• BRIEF: Every line below from the one with "جانب من احتجاجات جامعة تبريز الإيرانية" through the one with "2017 Chrysler Pacifica Touring L FWD" is to be repeated exactly, with no picture among them.

• RECORDS FOR THE EXERCISE:
# # #

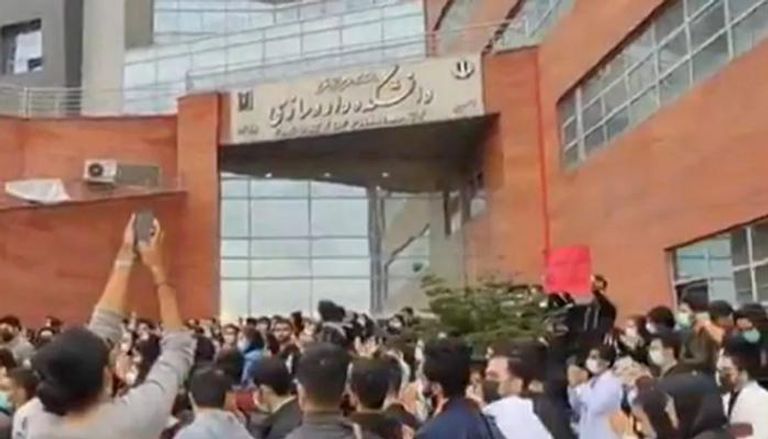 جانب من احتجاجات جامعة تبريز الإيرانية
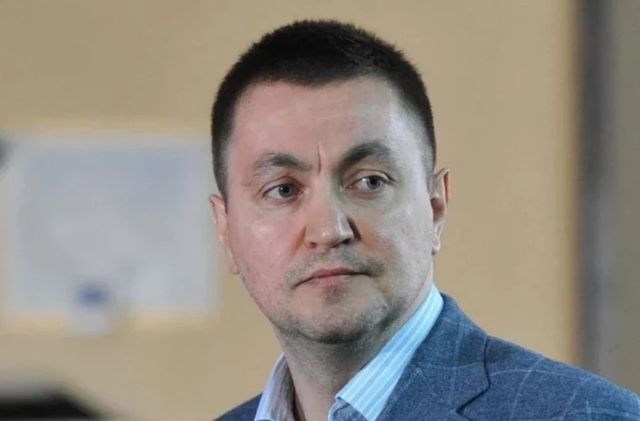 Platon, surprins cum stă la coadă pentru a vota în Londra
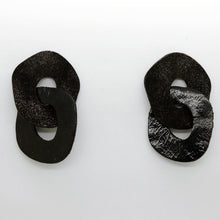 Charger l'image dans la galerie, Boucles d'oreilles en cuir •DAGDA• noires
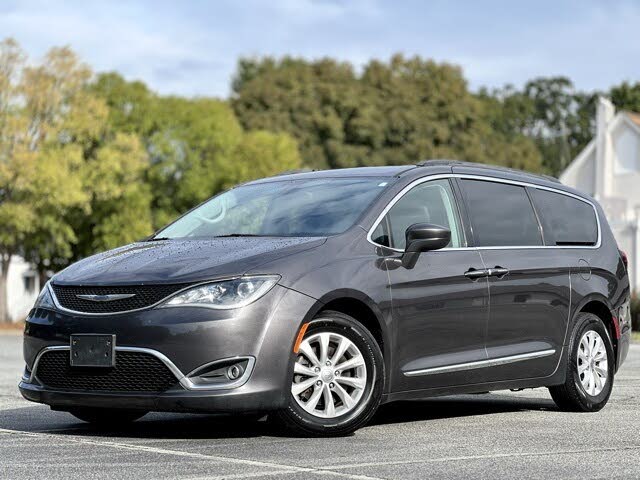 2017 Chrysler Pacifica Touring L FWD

# # #

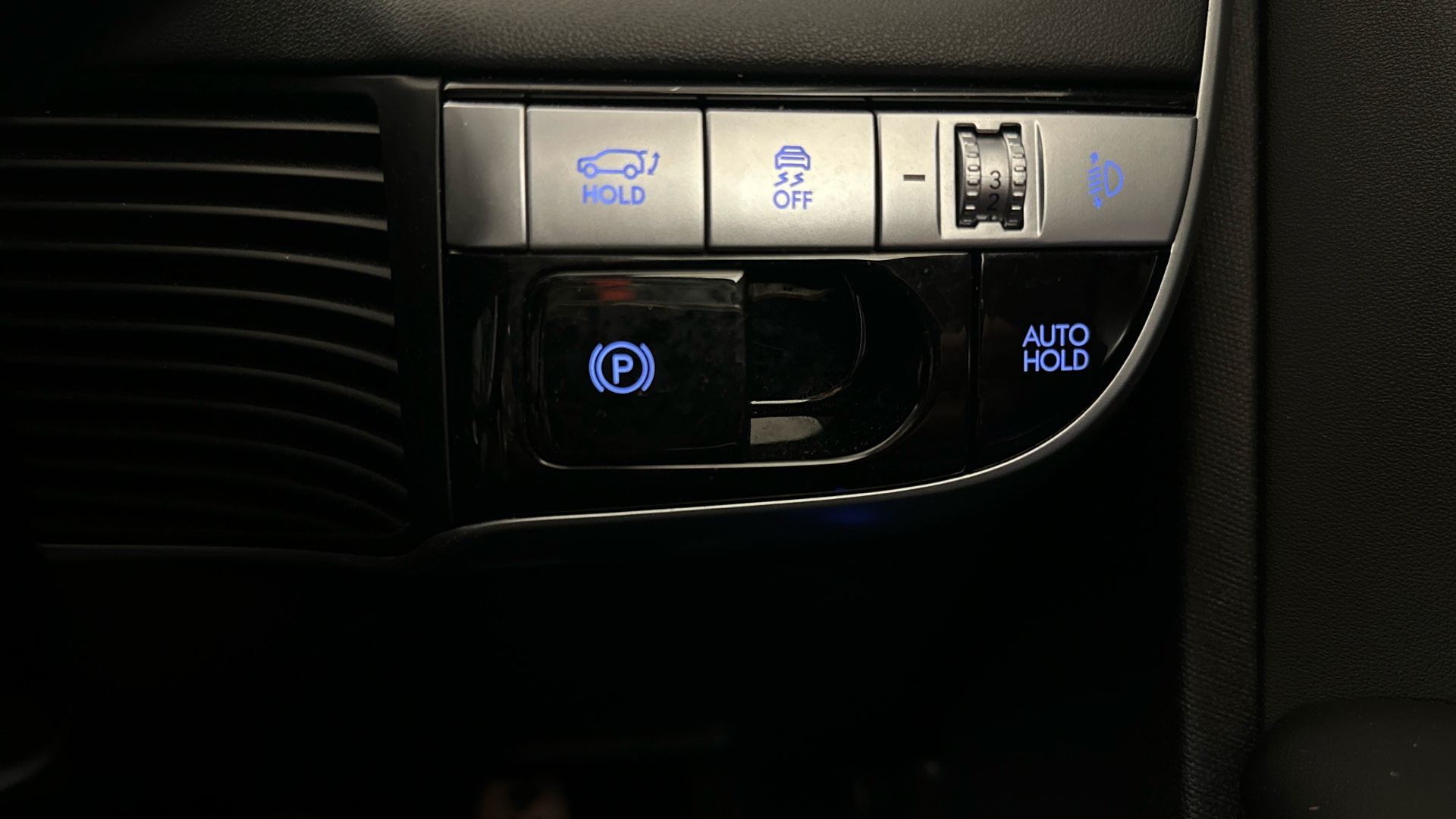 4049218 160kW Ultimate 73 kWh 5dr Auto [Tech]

# # #

• SOLUTION TO THE PROBLEM:
 جانب من احتجاجات جامعة تبريز الإيرانية
 Platon, surprins cum stă la coadă pentru a vota în Londra
 Charger l'image dans la galerie, Boucles d'oreilles en cuir •DAGDA• noires
 2017 Chrysler Pacifica Touring L FWD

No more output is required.